I feel somewhat justified in using the term "feminazi", not least because those who responded so vituperatively to my comment were themselves guilty of using language in a way that trivialise an abhorrent ideology. I refer to people who deploy the word "sexist" as a cudgel with which to bludgeon into silence those whose views they take exception to - however irrationally - without regard for the appropriateness of the language.

The "feminazis" were repeatedly invited to point out what was sexist in my post. None could do so. But this didn't deter them from repeating the inane accusation, ad nauseam and with ever increasing shrillness - as if that alone would make it true.

It wasn't only these bile-spewing harpies who reacted to my rather innocuous remarks with melodramatic hysteria. Another category included those who regard even the slightest reluctance to join in their "Two Minute Hate" as a wholehearted endorsement of the subject. One is either an enthusiastic participant in their game of detestation trumps, or one is unceremoniously assigned to a diametrically opposed camp reserved for those who perversely venerate the hate-figure du jour. There is only pure hatred or cult-like devotion. No other possible attitude exists. Not even benign indifference.

The hate-figure in question on this occasion is, of course, Tommy Sheridan. Although astute readers will have noticed that my original post made no mention of that particular individual. Or any female persons. Or any persons at all. And for very good reason.

Those who imagined that my post was all about Tommy Sheridan were guilty of what I call "creative reading". That is to say, they read something other than what was written. They added their own content and connotations so as to create the thing they were geared up to react to. It's rather similar to, if considerably more crude than, the politician's "art" of fitting the question to the answer that they have prepared, even if there are two totally unrelated topics involved.

This isn't about Tommy Sheridan. It would be gratifying if some people would get over their inane obsession with the man. The self-destructive factionalism to which I refer was rife on the political left long before Sheridan was even born. And the establishment has always stood ready to exploit such divisions for its own nefarious ends.

My concern is that the Yes movement might be tainted by this puerile internecine squabbling. The strength of the Yes campaign has been its inclusiveness. Now, coteries are forming and asserting the right to determine who is and is not deemed fit to be part of "their" movement. People are denounced as "not fitting into the ethos". They are declared persona non grata by self-appointed gate-keepers of the independence movement. They are cast out by self-ordained guardians of the purity of the cause.

To anyone who has had even passing experience of group-based left-wing politics, all of this will be sickeningly familiar.

Tommy Sheridan is merely a high-profile target. But there must always be a target. Because these groups define themselves by their targets. Once they have flexed their muscles on Sheridan, they will move on to others - all the while cheered on by the ruling elites who have everything to gain from a weak and fragmented countervailing power.

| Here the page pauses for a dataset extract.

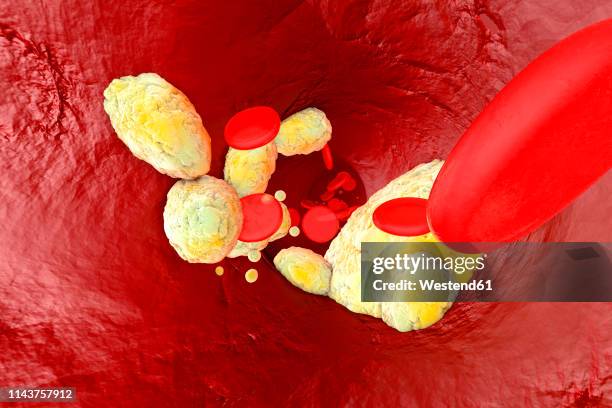 stockillustraties, clipart, cartoons en iconen met 3d rendered illustration, visualisation of fat clogging a artery and forming the sickness arteriosclerosis - atheromatose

This is a familiar process. Familiar enough that it should be easy to avoid. And yet we are seeing people rushing headlong into it as if totally unaware. Or as if carried away by the thrill of the witch-hunt.

Saner heads must prevail. The Yes campaign was a wonderful thing to be part of. It was was bold and aspirational; peaceful and lawful; good-natured and cooperative; imaginative and humorous; worthy and honourable. But most crucially of all it was inclusive. It was truly a people's campaign.

It can be still. But not if we let these self-important, self-righteous, self-serving packs prevail. Our independence movement must be open to all who seek the restoration of Scotland's rightful constitutional status. The only qualification required is a genuine desire to bring Scotland's government home for the benefit of all who call Scotland home.